__Work required__. Every record below needs to be set down exactly. Pictures do not belong in the copy.
⁂
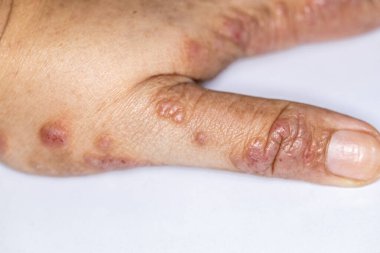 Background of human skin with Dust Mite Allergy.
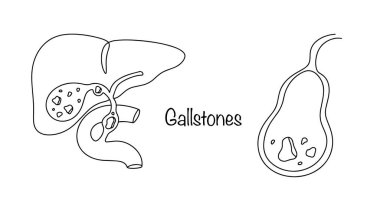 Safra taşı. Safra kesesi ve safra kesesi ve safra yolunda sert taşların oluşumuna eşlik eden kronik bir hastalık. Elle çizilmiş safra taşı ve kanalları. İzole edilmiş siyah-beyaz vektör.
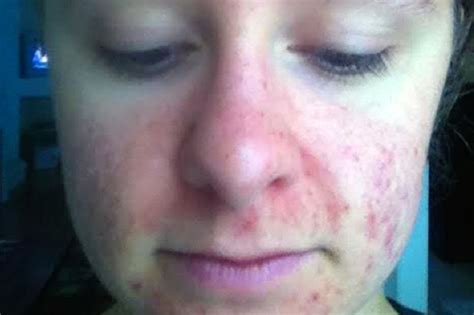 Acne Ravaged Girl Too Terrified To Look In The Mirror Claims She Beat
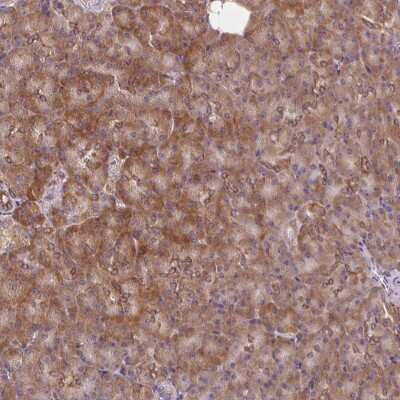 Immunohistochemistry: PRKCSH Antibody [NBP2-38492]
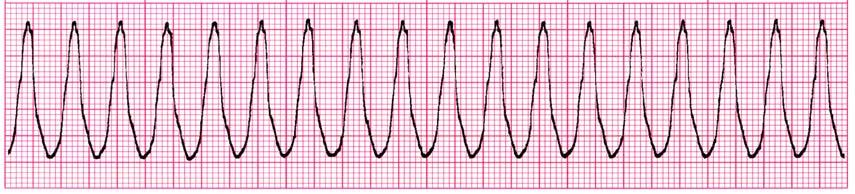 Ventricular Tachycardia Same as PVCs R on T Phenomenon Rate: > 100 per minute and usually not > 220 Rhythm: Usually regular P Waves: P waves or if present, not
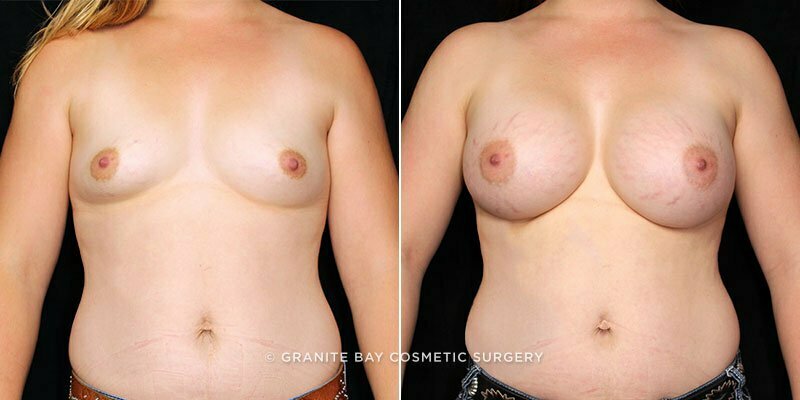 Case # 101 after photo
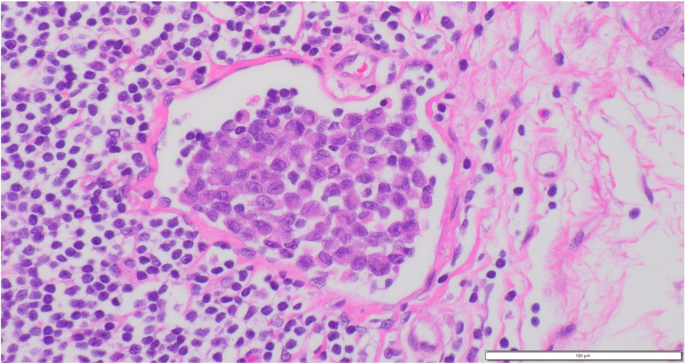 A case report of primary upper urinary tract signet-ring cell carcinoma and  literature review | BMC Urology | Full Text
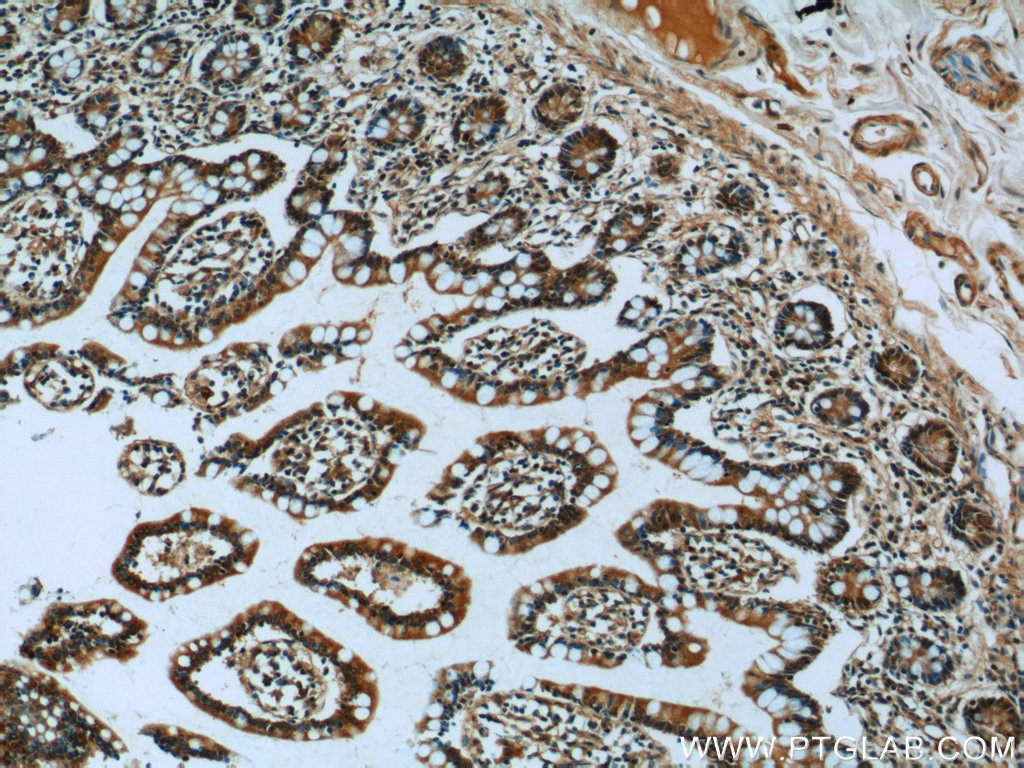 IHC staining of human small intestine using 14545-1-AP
⁂
__Answer space__.
 Background of human skin with Dust Mite Allergy.
 Safra taşı. Safra kesesi ve safra kesesi ve safra yolunda sert taşların oluşumuna eşlik eden kronik bir hastalık. Elle çizilmiş safra taşı ve kanalları. İzole edilmiş siyah-beyaz vektör.
 Acne Ravaged Girl Too Terrified To Look In The Mirror Claims She Beat
 Immunohistochemistry: PRKCSH Antibody [NBP2-38492]
 Ventricular Tachycardia Same as PVCs R on T Phenomenon Rate: > 100 per minute and usually not > 220 Rhythm: Usually regular P Waves: P waves or if present, not
 Case # 101 after photo
 A case report of primary upper urinary tract signet-ring cell carcinoma and  literature review | BMC Urology | Full Text
 IHC staining of human small intestine using 14545-1-AP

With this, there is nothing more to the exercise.